▶ _PROBLEM REQUIREMENTS_: Copy the lines below exactly. Start at the first and finish with the line containing "Camouflage Passport Holder".

====

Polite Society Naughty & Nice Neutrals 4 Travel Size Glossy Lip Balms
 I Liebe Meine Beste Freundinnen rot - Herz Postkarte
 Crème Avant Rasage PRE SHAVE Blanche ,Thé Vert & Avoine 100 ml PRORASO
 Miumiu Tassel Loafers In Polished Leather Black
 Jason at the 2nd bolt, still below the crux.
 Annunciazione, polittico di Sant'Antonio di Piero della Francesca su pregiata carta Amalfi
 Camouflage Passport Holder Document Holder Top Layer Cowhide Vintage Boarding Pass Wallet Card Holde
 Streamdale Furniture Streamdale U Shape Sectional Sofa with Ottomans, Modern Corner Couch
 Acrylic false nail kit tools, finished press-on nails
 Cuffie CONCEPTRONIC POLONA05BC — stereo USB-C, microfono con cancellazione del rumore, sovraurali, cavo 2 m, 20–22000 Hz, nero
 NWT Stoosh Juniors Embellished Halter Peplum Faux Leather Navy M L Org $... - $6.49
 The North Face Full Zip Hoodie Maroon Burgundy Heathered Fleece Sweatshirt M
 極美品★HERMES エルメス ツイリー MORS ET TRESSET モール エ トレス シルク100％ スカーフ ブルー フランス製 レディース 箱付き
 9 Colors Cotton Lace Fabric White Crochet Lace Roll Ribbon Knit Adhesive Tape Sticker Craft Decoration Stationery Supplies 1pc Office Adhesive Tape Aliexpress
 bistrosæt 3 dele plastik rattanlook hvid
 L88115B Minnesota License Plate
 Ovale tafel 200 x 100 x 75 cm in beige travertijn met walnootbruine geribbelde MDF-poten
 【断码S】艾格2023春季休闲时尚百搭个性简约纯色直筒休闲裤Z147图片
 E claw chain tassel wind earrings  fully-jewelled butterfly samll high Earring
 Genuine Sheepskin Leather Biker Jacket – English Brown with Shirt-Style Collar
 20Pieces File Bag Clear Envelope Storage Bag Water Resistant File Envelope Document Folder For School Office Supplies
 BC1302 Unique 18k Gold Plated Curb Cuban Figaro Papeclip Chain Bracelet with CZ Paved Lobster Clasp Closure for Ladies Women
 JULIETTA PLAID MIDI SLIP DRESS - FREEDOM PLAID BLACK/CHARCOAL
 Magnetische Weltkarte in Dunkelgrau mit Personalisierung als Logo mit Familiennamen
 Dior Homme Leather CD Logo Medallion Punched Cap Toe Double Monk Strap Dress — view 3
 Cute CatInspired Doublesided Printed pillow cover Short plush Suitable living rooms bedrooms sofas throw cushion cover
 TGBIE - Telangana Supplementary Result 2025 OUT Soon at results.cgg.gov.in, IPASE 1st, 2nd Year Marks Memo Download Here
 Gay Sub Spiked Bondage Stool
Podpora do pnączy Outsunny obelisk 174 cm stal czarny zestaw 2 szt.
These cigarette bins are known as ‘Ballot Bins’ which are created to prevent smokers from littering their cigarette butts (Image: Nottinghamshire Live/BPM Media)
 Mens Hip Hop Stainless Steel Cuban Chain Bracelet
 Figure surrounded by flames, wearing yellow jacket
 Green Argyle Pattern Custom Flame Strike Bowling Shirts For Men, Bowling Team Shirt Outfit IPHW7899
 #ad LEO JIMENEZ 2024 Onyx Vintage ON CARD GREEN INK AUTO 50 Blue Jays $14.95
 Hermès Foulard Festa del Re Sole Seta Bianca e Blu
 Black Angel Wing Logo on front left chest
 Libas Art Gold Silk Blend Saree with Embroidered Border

====

▶ _YOUR SOLUTION_:
Polite Society Naughty & Nice Neutrals 4 Travel Size Glossy Lip Balms
 I Liebe Meine Beste Freundinnen rot - Herz Postkarte
 Crème Avant Rasage PRE SHAVE Blanche ,Thé Vert & Avoine 100 ml PRORASO
 Miumiu Tassel Loafers In Polished Leather Black
 Jason at the 2nd bolt, still below the crux.
 Annunciazione, polittico di Sant'Antonio di Piero della Francesca su pregiata carta Amalfi
 Camouflage Passport Holder Document Holder Top Layer Cowhide Vintage Boarding Pass Wallet Card Holde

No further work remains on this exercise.